◆ **Material provided**
■ ■ ■ ■
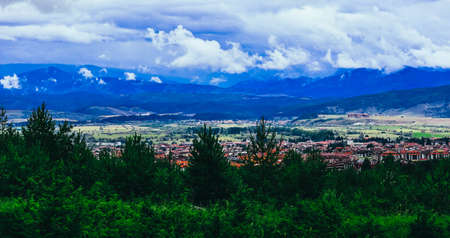 Alpine village in a mountains, landscape. Europe, old town panoramic view, red roofs houses.の写真素材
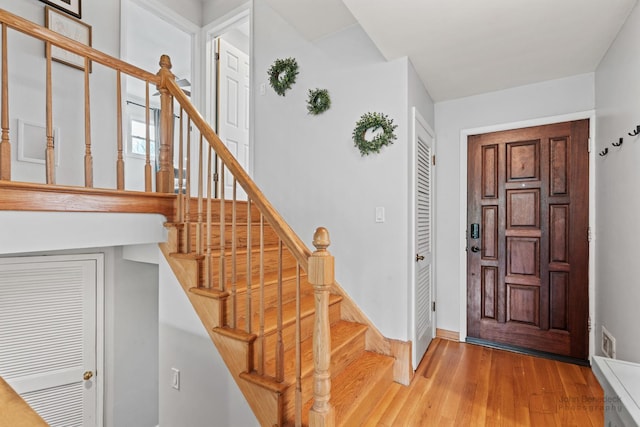 entryway featuring wood finished floors, stairway, and baseboards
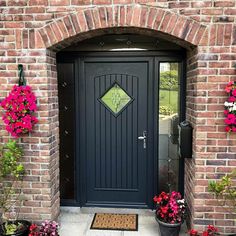 a black front door surrounded by flowers and potted plants on the side of a brick building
■ ■ ■ ■
What is needed is an exact reproduction of the data, pictures excluded.

◆ **Result below**
 Alpine village in a mountains, landscape. Europe, old town panoramic view, red roofs houses.の写真素材
 entryway featuring wood finished floors, stairway, and baseboards
 a black front door surrounded by flowers and potted plants on the side of a brick building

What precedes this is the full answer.